Comments (26)
For the text, you can pick an x and then ax.text(x, y, "37.3")
but might have to turn off clipping at boundaries so it appears. Or, set xlim to 20% more and turn off tick marks/labels for that part then ax.text()
there. beat it into submission!! haha
I had to get the wedges below the x axis and had to turn off clipping to do that. you can check the wedge code in my stuff for that.
from dtreeviz.
For spacing, i think just shrink total height of graph maybe?
It shrinks a little, but there is still a lot of space. Because the standard deviation between dots is sigma=0.08, with mean = 0.5 (mu value). leaf index are from 1 to 1... tomorrow, I will play with different values for them.
from dtreeviz.
wow! now that is a damn fine looking plot, sir! I will merge!
from dtreeviz.
I'm not sure if i understood correctly. Would you like to include all the leaf split plots into a single new visualisation ?
Something similar with this ? :)
from dtreeviz.
yep, that's it!!! Seems like it'd be useful just as the stacked histo is for classification
from dtreeviz.
Cool ! Do you have any web resources/experience of how to include subplots (leaf sample'y distribution) into another plot using matplotlib ?
from dtreeviz.
hahaha. i spent forever learning how to do that in this project. we shouldn't have to though. We can create a single plot that just does scattering with some noise for each leaf area. Here is sample code:
mu = .5
sigma = .08
X = np.random.normal(mu, sigma, size=len(y))
ax.set_xlim(0, 1)
alpha = colors['scatter_marker_alpha'] # was .25
ax.scatter(X, y, s=5, c=colors['scatter_marker'], alpha=alpha, lw=.3)
ax.plot([0,len(node.samples())],[m,m],'--', color=colors['split_line'], linewidth=1)
So, basically, go to each leaf id and do a scatter that is x = id+noise and the y is just the y of samples at that leaf. make sense?
from dtreeviz.
Nicee, I got the idea. I will start to implement it in the next days.
from dtreeviz.
While thinking about this new visualisation, I have remember the boxplot from matplotlib. I guess it's what we need : https://matplotlib.org/3.1.1/gallery/statistics/boxplot_demo.html.
It can show a lot of build in stats, like median, mean, quartiles, outliers, etc (being a common visualisation in matplotlib, could be easier to interpret by other people)
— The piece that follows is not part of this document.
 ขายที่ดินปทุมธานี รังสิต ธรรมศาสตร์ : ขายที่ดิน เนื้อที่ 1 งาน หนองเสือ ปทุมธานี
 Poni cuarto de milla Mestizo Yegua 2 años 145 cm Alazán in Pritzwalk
@parrt what do you think ?
from dtreeviz.
Only problem is that box plots are ugly ;) The alpha channel helps density and human eye is really good at picking up spread of data.
from dtreeviz.
Indeed, box plot are a little ugly :)). I will take a look at the code that you mentioned
from dtreeviz.
I have an intermediate visualisation.
Here is how it looks for a tree with depth=3:
depth=5:
depth=10:
As we can see, the visualisations become hard to read/interpret when we have a lot of leaves.
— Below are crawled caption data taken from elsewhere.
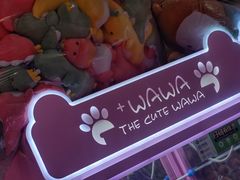-+WAWA夹娃娃专门店·抓娃娃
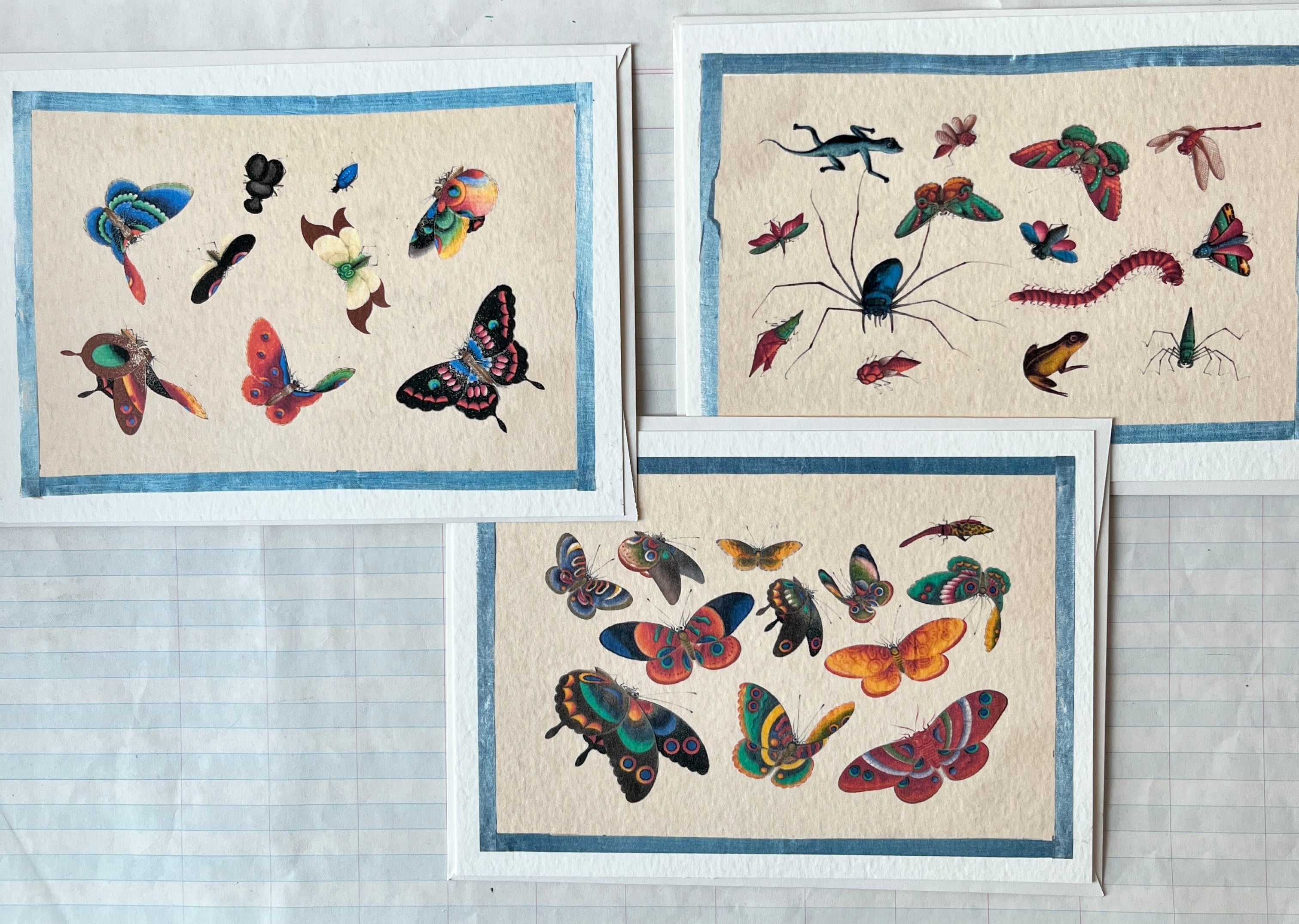 Insecta Art Cards II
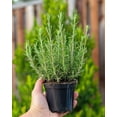 thumbnail image 5 of Rosemary Plant Live in 4'' Pot, Well Rooted Rosemary Herb Plant for Planting Indoor Outdoor, 6-8 Inch Tall, 5 of 6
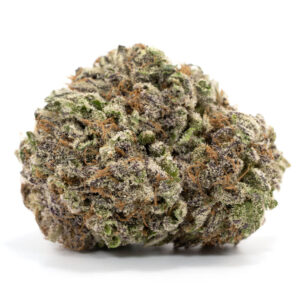 buy Mendocino Purps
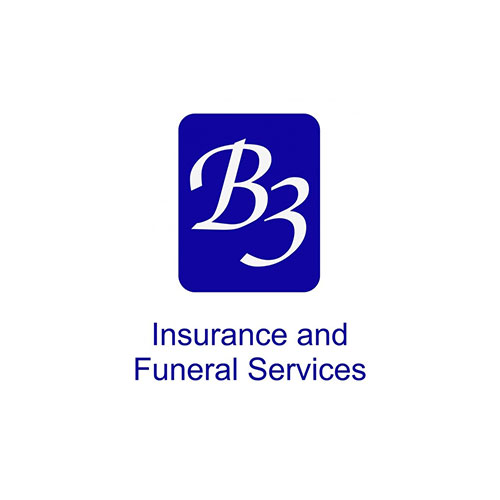 B3 Logo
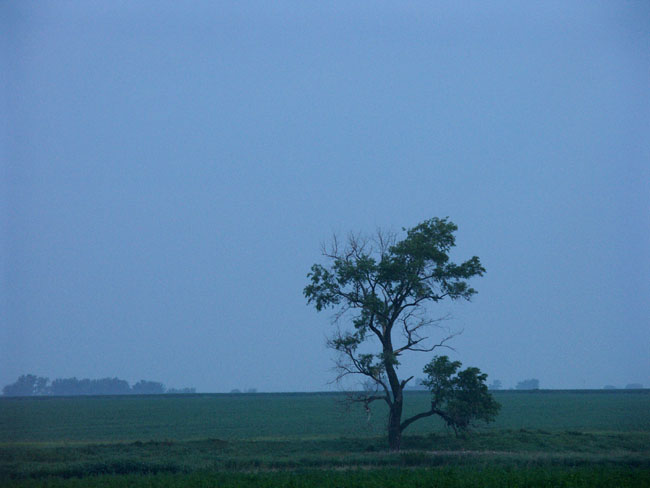 Lone Tree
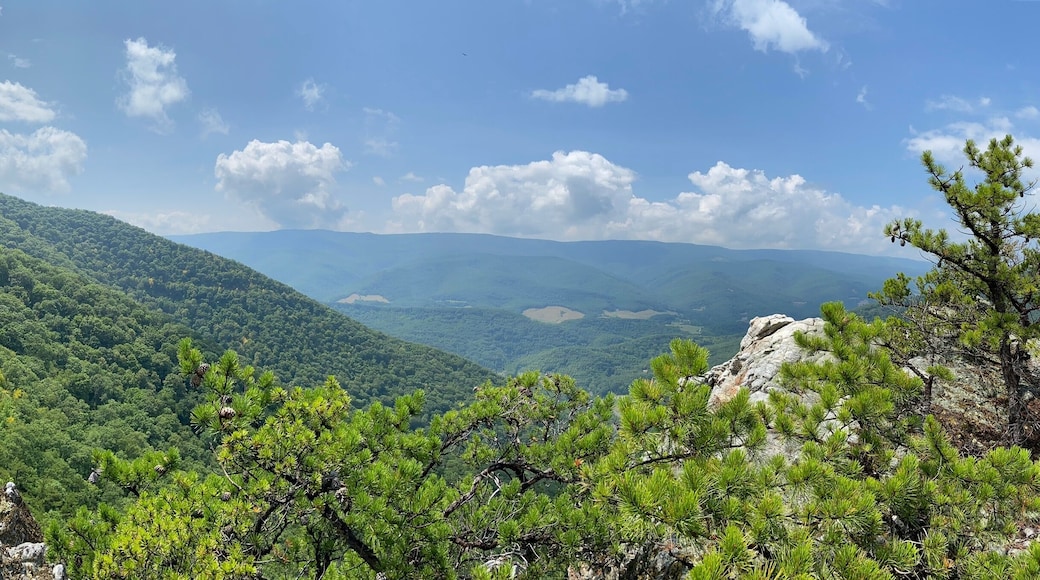 Chimney Tops via North Fork Mountain - Cabins, WV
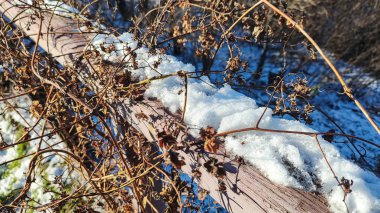 Dallar, kuru çimenler, güneşe karşı çiçekler kış karlı tarlalarda güneşli bir günde. Mevsimsel soğuk doğa geçmişi. Yabani bitkiler karla kaplıdır. Donmuş ince dallar makro. Hoarfrost. Buz kristalleri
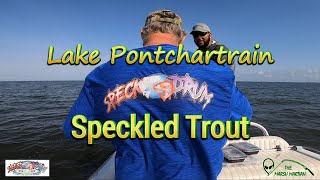 Lake Pontchartrain Speckled Trout [upl. by Nnylav]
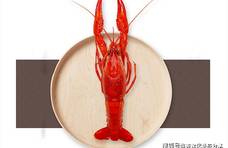 5月，小龙虾正当季，哪里的小龙虾最好吃，潜江、盱眙和长沙？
@parrt do you have any feedback, suggestions ?
from dtreeviz.
looking interesting. for one we should tighten and fix the x direction so it's always the same. also dots should be bigger and then alpha channel can make darker areas show higher density. maybe graph is a bit too tall too. :) Maybe we add a show
arg like rtree_univar that turns off x labels? Or maybe just show prediction to make smaller?
from dtreeviz.
- 'for one we should tighten and fix the x direction so it's always the same.'
Do you mean to hardcode a fix value for figsize argument ? - 'also dots should be bigger and then alpha channel can make darker areas show higher density'
agree, we can also make the markersize configurable - 'Maybe we add a show arg like rtree_univar that turns off x labels? '
agree - Or maybe just show prediction to make smaller?
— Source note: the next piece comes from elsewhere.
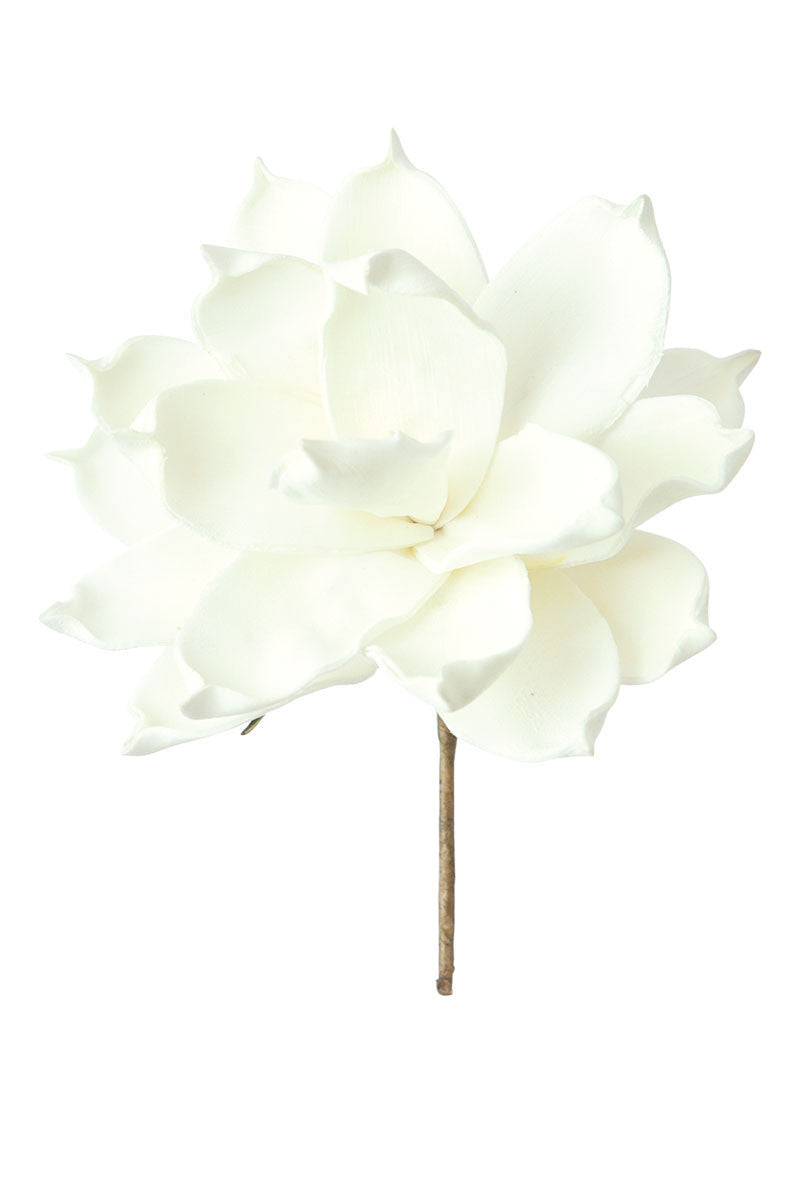 White Magnolia Pick #36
Do you mean to show only the horizontal black lines ?
from dtreeviz.
@parrt could be an option to show the leaves in multiple plots when the number of leaves is big ?
from dtreeviz.
Looking good! Yes, i suppose we could split up but that's harder to implement. maybe args that say leaf ID range min/max?
- 'for one we should tighten and fix the x direction so it's always the same.'
Do you mean to hardcode a fix value for figsize argument ?
I just meant that any specific leaf split plot should be same width; don't smear it out to fit graph width. Graph width is function of how many leaves I think. - 'also dots should be bigger and then alpha channel can make darker areas show higher density'
agree, we can also make the markersize configurable
yep - 'Maybe we add a show arg like rtree_univar that turns off x labels? '
agree
cool - Or maybe just show prediction to make smaller?
Do you mean to show only the horizontal black lines ?
That would work. I was earlier thinking that the x labels beneath graph would show just prediction value rather than num samples as well. just to make smaller.
from dtreeviz.
I created a PR. We can add modifications on it.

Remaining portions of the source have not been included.